= Beginning of Section =

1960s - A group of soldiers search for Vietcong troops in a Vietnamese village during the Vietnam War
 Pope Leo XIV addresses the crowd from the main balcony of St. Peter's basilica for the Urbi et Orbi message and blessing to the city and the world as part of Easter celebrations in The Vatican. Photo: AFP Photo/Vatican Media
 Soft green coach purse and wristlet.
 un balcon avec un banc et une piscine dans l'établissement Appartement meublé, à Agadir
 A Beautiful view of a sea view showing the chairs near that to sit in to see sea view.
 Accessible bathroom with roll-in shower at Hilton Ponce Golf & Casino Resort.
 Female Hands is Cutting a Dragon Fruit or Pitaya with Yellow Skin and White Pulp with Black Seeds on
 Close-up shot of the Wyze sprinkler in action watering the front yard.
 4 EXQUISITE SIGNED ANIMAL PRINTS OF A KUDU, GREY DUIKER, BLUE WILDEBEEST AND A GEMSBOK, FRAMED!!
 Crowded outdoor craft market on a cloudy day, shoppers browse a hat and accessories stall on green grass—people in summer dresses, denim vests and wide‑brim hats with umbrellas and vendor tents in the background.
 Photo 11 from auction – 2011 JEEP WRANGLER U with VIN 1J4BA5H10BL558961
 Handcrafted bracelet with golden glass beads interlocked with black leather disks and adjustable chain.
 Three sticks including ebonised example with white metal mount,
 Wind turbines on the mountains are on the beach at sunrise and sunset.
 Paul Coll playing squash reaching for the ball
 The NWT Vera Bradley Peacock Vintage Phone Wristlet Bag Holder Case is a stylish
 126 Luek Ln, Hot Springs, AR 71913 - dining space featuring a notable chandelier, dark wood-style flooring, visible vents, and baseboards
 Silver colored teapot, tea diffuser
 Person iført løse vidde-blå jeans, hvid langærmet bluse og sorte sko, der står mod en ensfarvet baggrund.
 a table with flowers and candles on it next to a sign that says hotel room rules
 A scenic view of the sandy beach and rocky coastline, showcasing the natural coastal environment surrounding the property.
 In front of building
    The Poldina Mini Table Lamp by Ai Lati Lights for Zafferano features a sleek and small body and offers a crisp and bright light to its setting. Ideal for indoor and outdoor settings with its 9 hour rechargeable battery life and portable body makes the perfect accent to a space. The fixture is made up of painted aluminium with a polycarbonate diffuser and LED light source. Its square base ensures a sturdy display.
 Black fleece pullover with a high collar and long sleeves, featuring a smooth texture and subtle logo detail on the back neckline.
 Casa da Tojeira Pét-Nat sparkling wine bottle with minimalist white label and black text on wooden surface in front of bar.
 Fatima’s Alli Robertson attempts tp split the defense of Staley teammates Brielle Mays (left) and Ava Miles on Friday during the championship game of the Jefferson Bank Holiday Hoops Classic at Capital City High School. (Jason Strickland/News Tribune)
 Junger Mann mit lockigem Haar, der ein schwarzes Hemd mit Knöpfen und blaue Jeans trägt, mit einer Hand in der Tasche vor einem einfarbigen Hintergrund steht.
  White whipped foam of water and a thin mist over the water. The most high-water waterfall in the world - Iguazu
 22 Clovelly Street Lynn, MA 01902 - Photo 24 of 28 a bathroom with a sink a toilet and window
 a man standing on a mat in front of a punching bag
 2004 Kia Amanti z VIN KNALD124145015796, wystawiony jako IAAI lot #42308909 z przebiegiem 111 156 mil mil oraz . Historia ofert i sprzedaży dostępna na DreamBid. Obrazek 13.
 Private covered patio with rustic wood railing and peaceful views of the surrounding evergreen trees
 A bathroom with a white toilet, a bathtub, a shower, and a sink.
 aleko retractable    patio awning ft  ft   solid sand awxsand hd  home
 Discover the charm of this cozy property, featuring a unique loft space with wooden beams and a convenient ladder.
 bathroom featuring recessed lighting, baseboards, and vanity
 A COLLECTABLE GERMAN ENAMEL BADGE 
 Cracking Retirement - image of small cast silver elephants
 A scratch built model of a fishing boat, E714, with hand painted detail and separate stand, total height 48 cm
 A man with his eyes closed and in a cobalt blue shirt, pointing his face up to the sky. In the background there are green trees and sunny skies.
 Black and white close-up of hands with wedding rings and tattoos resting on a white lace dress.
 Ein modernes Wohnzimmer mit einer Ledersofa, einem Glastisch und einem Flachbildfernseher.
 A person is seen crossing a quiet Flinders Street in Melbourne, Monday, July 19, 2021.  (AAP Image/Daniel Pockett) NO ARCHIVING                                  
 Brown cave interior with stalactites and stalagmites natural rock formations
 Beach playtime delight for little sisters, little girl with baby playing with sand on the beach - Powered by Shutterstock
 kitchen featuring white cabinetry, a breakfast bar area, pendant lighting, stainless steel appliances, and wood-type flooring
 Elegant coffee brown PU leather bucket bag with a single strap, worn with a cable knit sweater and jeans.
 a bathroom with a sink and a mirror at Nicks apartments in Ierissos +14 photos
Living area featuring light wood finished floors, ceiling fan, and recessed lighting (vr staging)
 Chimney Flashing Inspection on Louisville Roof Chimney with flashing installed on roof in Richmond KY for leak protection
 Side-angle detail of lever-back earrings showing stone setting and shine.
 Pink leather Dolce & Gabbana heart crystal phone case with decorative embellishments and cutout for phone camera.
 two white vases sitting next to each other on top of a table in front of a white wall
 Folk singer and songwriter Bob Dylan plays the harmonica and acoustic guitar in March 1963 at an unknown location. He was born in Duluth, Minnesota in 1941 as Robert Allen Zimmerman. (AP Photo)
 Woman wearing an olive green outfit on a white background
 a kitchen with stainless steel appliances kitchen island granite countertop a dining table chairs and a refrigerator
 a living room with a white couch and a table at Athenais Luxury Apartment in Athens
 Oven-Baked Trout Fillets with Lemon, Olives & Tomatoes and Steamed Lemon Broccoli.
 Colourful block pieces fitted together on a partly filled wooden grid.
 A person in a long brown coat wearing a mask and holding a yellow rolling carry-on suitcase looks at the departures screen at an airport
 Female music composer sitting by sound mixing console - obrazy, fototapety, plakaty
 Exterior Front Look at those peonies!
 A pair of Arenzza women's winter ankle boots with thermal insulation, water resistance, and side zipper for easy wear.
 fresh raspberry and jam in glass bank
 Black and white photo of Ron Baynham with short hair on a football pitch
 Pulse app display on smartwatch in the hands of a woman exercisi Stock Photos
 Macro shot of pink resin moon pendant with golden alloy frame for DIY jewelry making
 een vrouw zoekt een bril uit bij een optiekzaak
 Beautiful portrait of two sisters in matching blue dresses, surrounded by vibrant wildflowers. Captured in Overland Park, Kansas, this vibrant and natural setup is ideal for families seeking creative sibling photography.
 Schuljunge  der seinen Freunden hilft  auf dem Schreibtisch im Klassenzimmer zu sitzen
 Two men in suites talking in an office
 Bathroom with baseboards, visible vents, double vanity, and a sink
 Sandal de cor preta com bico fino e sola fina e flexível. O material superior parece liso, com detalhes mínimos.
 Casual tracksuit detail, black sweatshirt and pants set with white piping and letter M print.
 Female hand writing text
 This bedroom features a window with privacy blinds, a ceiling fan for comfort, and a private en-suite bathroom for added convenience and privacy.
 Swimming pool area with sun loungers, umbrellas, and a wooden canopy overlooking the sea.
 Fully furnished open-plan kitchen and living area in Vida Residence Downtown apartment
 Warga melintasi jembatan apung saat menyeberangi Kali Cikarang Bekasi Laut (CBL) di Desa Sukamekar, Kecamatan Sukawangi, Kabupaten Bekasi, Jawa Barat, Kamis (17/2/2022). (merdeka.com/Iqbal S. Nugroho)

= End of Section =

_Aim of the exercise_:
The line containing "Pope Leo XIV" marks the end: copy exactly every line from the top of the data above down to it, that line included.

_Response box_:
1960s - A group of soldiers search for Vietcong troops in a Vietnamese village during the Vietnam War
 Pope Leo XIV addresses the crowd from the main balcony of St. Peter's basilica for the Urbi et Orbi message and blessing to the city and the world as part of Easter celebrations in The Vatican. Photo: AFP Photo/Vatican Media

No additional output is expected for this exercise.